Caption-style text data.

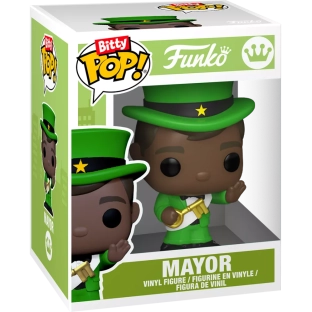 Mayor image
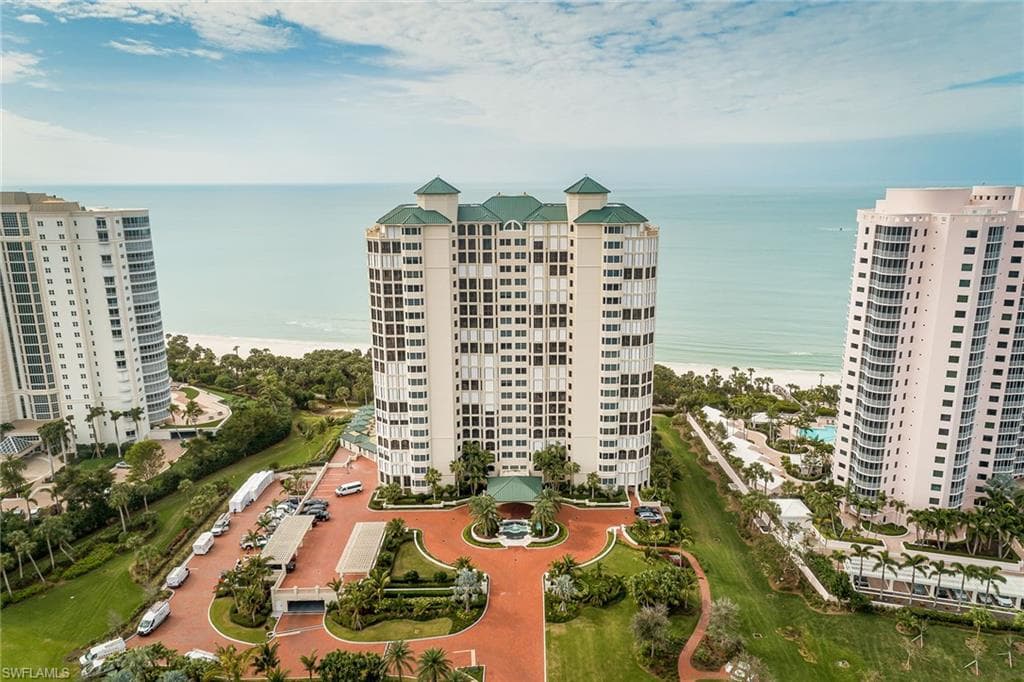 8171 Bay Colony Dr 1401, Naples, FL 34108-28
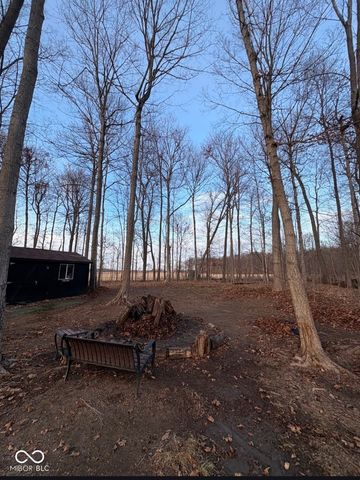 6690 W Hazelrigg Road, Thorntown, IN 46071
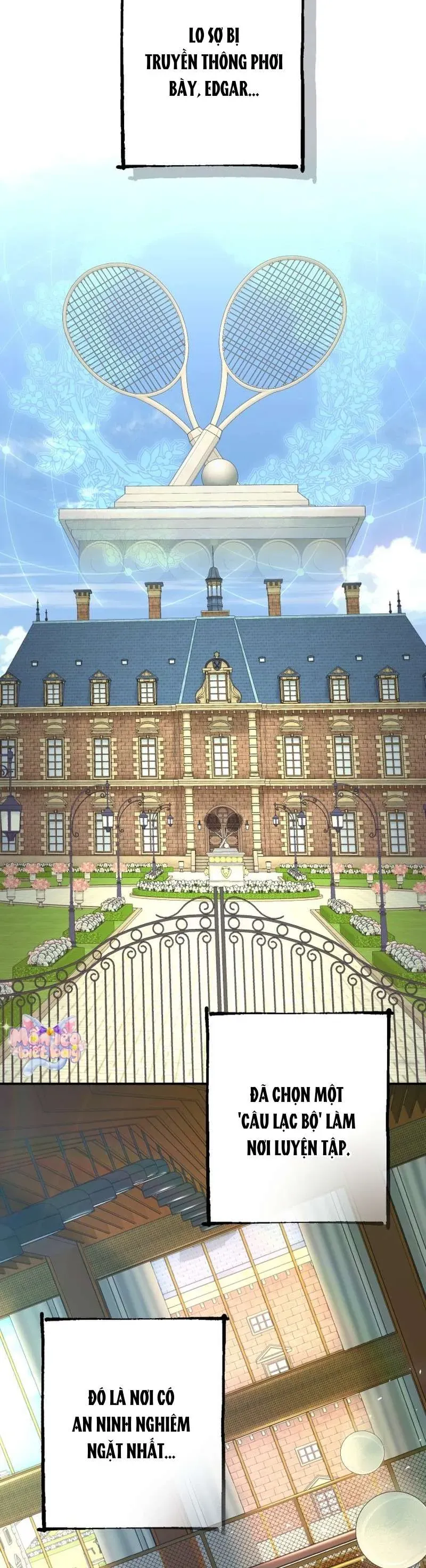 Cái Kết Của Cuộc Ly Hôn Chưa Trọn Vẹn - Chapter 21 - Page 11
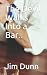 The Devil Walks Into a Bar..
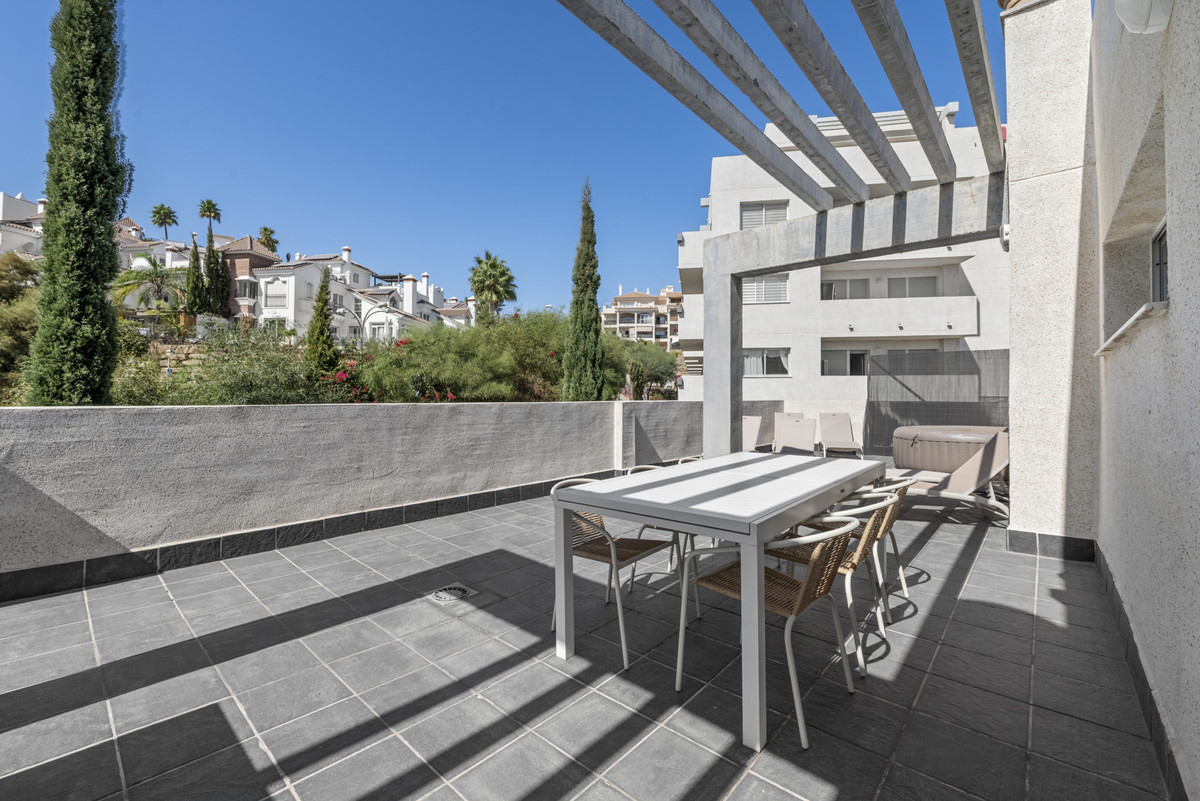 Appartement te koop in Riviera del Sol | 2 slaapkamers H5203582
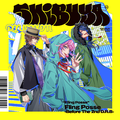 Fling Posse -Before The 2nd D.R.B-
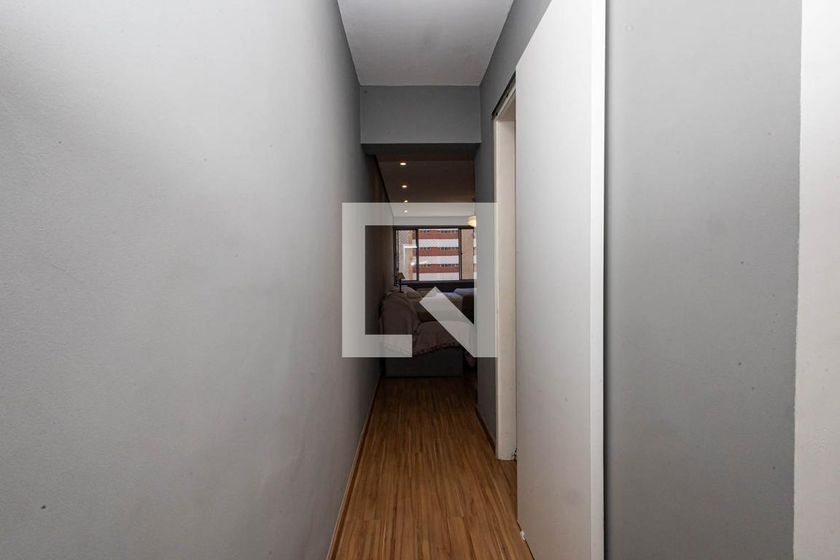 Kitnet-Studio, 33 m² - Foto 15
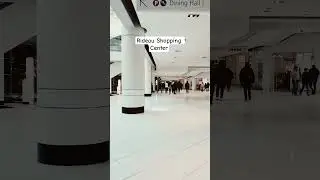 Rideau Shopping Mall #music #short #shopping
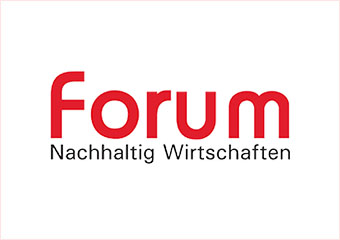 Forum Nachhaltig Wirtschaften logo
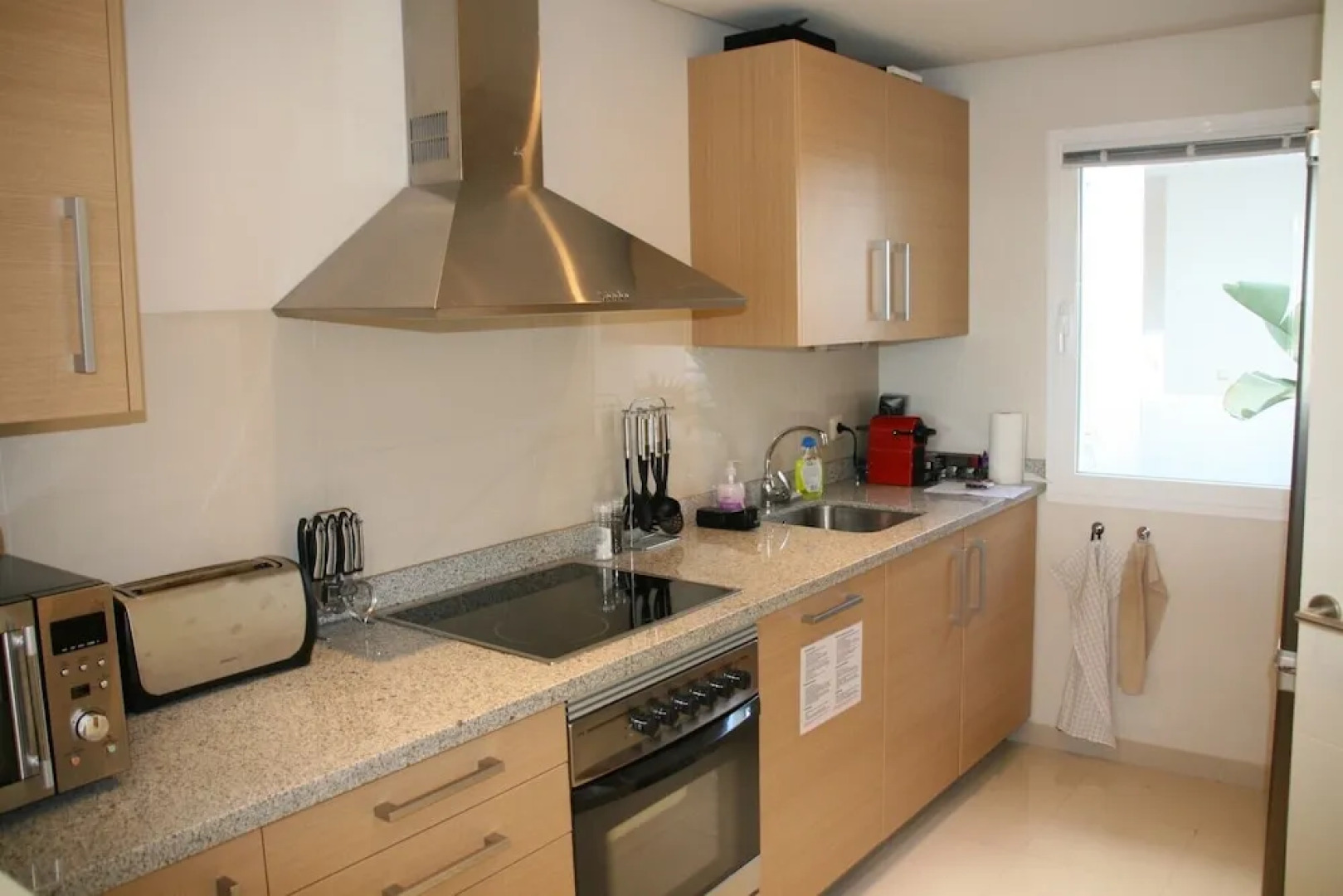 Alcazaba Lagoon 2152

Required action. Write out exactly the lines from the line holding "Fling Posse -Before" through the last line of the records above, inclusive, and nothing more. Leave out the pictures.

The completed task.
 Fling Posse -Before The 2nd D.R.B-
 Kitnet-Studio, 33 m² - Foto 15
 Rideau Shopping Mall #music #short #shopping
 Forum Nachhaltig Wirtschaften logo
 Alcazaba Lagoon 2152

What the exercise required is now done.